Bir sabah uyandınız ve daha yataktan çıkmadan telefonu elinize aldığınızı düşünün. Günün ilk birkaç dakikasında sosyal medya bildirimleri, e-postalar ve haberlerle güne başlıyorsunuz. Gözlerinizi açtığınız andan itibaren dikkatiniz bambaşka farklı yönlere çekilip, günün geri kalanında ise bir projeye odaklanmanız, bir yandan aniden gelen bir toplantıya katılmanız, diğer yandan bekleyen maillerinizi cevaplamanız ve birçok kişiyle doğru bir iletişim içinde olmanız gerekiyor. Gün sonu gelip saatler akıp geçtiğinde hiçbir işinizi aslında tam olarak bitiremediğinizi fark ediyorsunuz. Bu sahne çok tanıdık değil mi? Emin olun yalnız değilsiniz. Johann Hari dikkatimizi toplamakta yaşadığımız zorlukların bireysel bir yetersizlikten olmadığını, aksine modern dünyanın bir ürünü olduğunu savunuyor. Ki bence çok haklı…

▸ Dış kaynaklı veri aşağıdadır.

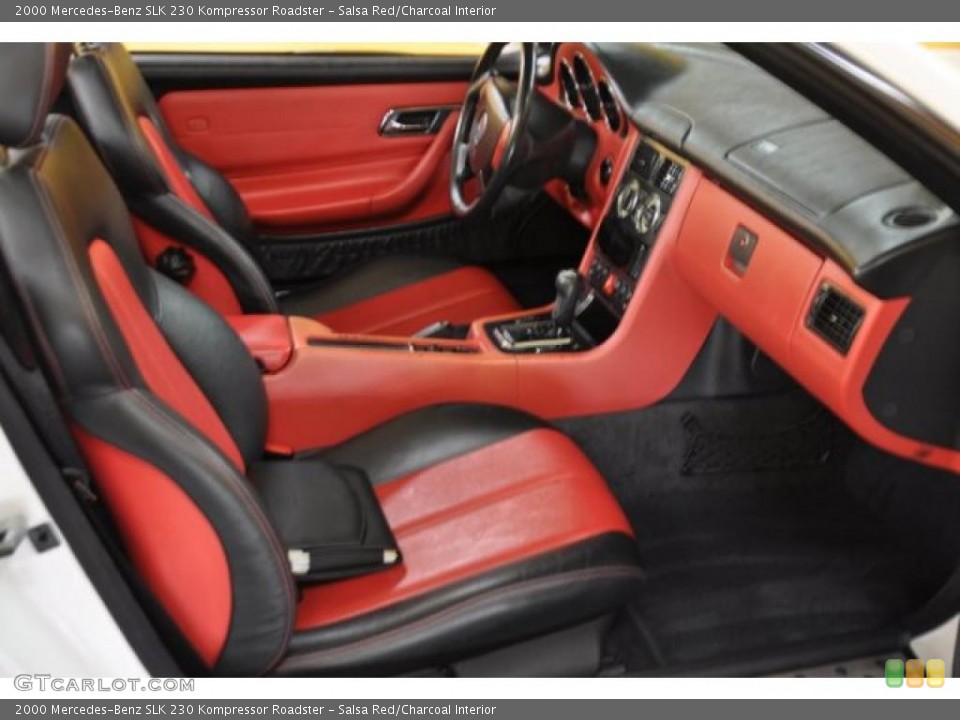 Salsa Red/Charcoal Interior Photo for the 2000 Mercedes-Benz SLK 230 Kompressor Roadster #41281009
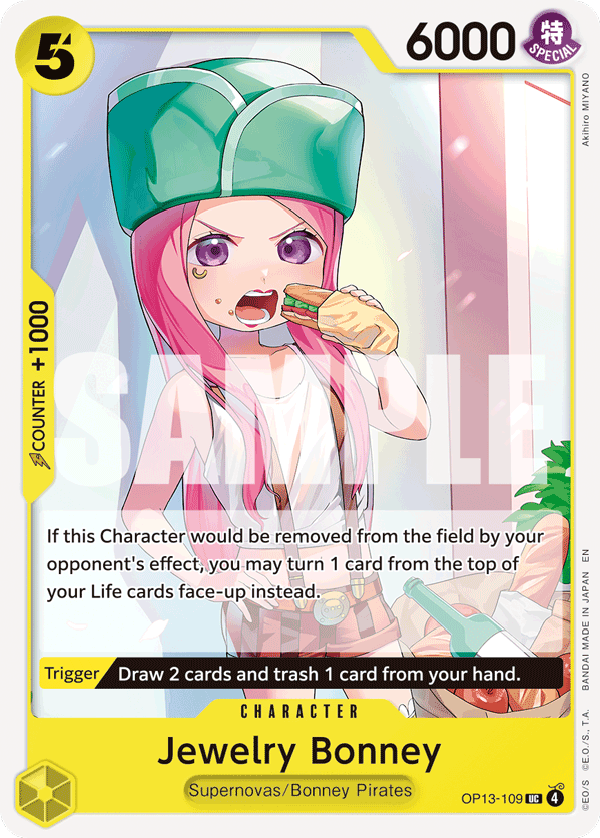 Jewelry Bonney (109) OP13-109 - Carrying On His Will OP13 kart görseli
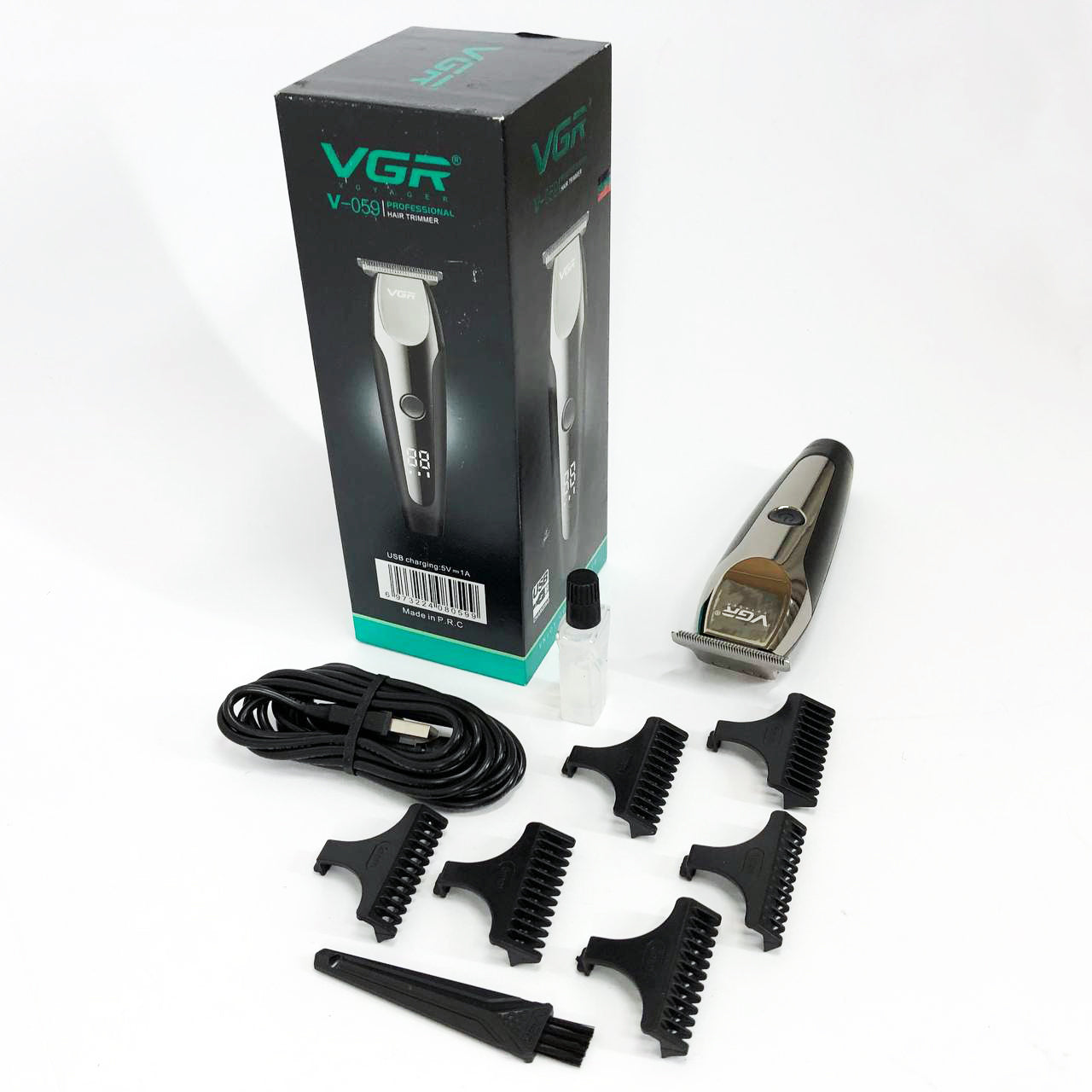 Аккумуляторная машинка для стрижки VGR V-059, беспроводная электробритва, машинка для стрижки для дома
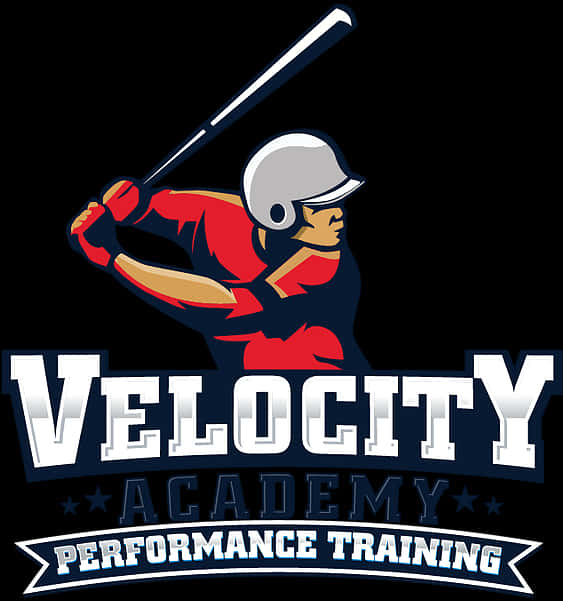 Velocity Academy Baseball Logo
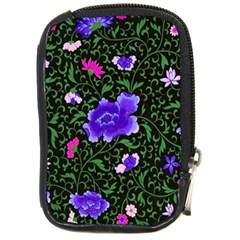 Blue  Japan Floral Compact Camera Leather Case by snowwhitegirl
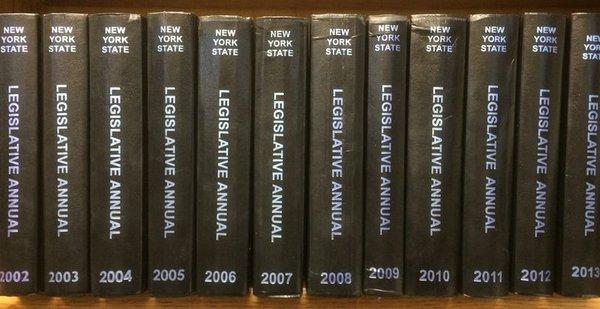 Our NYS Legislative Annuals are excellent research references. Be sure to use the footnotes for extra materials available on each law!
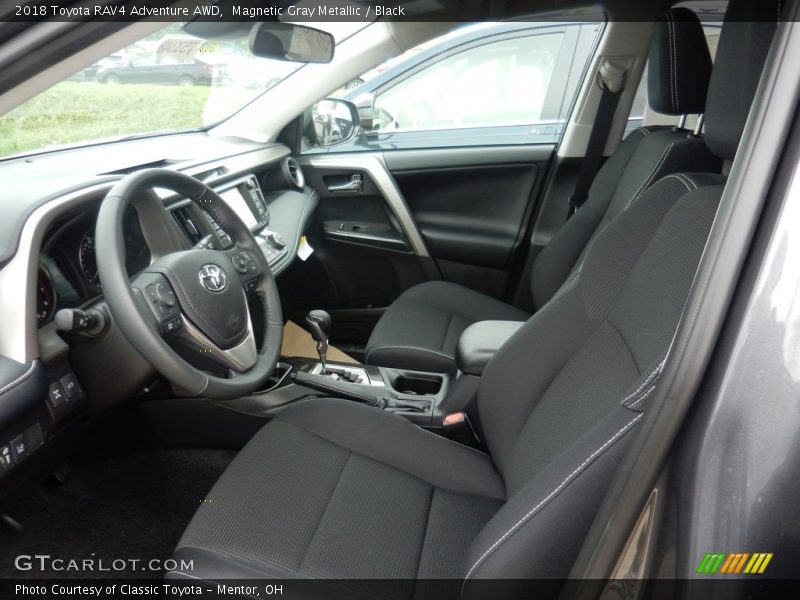 Magnetic Gray Metallic / Black 2018 Toyota RAV4 Adventure AWD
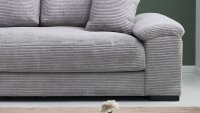 Ecksofa Angel Lincoln 86 Cord grau Nosagunterfederung...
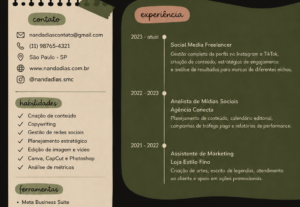 Eu vou fazer seu currículo profissional em até 2 horas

Dikkatimiz modern dünyada insanoğlunun en önemli kaynaklarından bir tanesi. Bu kaynağı kullanmak için Hari’ye göre küresel olarak bir ekonomi yaratıldı. Dikkat Ekonomisi dediği bu durum, küresel çapta tüm teknoloji şirketlerinin, sosyal medya platformlarının, video izleme uygulamalarının bizleri uzun süre ekran başında tutmak için savaş alanı haline geldi. Bu da aslında yaşadığımız dikkat eksikliği sorununun kişisel bir irade meselesi olmaktan çıktığının bir kanıtıdır. Sistematik olarak teşvik ediliyor, ince tekniklerle kendimizi ekrandan uzaklaştırmamız imkansız hale getiriliyor.

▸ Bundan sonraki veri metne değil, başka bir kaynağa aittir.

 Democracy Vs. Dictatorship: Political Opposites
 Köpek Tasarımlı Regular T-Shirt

ÇOCUKLAR VE GENÇLER DAHA SAVUNMASIZ
Dikkatimiz çalınırken en savunmasız grup çocuklar ve gençlerdir. Yapılan bir araştırmaya göre çocuklar ve gençler günde ortalama 7 saat ekran başında kalıyor. Bu ekran başında geçirilen süre, sosyal ilişkiler kurma ve zihinsel gelişim için gereken zamanlarını ellerinden alıyor. Çocuklar ve gençler bu platformlarda sürekli bir onaylanma ihtiyacı geliştiriyor ve bu durumda özgüvenlerini derinden etkiliyor. Dışarıya açık havaya çıkmayan, arkadaşları ile vakit geçiremeyen, arkadaş ortamlarında kimsenin birbirinin gözlerinin içine bakmadığı, tartışılmayan, hayal güçlerini hiç kullanmadıkları, oyunlar kurmadıkları bir dünyada yaşamaya başlıyorlar. Tabii ki de teknolojiyi yasaklamak çözüm değil, çünkü digital dünya hayatımızın kaçınılmaz bir parçası her zaman. Ancak çocuklar ve gençler için ekran kullanımına sınırlar getirmek, sosyal medya gezinmelerini ve oyun süresini dengelemek, uzun vadede dikkat kapasitelerini artırabilir diye düşünüyor Hari.
İLGİMİ ÇEKEN KAVRAMLAR
Kitapta en ilgimi çeken kavramlardan biri de ALIŞKANLIK TASARIMI oldu. Kullanıcıların platformlara sürekli olarak geri dönmelerini sağlamaya yarayan ödül ve ceza mekanizmaları bizleri sürekli fazla etkileşimde bulunmaya yönlendiriyor. Ve asla fark etmiyoruz. Aslında teknoloji kullanılarak nasıl manipüle ediliyoruz. Kısa süreli ödüller ve hazlar dopamin salgılamamıza neden oluyor. Ve bu da daha çok o platformda kalma dürtüsü oluşturuyor. Ardından paylaşım, beğeni, yorumlar bizi sürekli bir sonraki ödülü aramaya itiyor. Ve aslında bir kısır döngü oluşuyor. Bu döngü içinden gerçek hayata geçişte ki en büyük sorun odaklanma becerimizi kaybetmek olarak karşımıza çıkıyor.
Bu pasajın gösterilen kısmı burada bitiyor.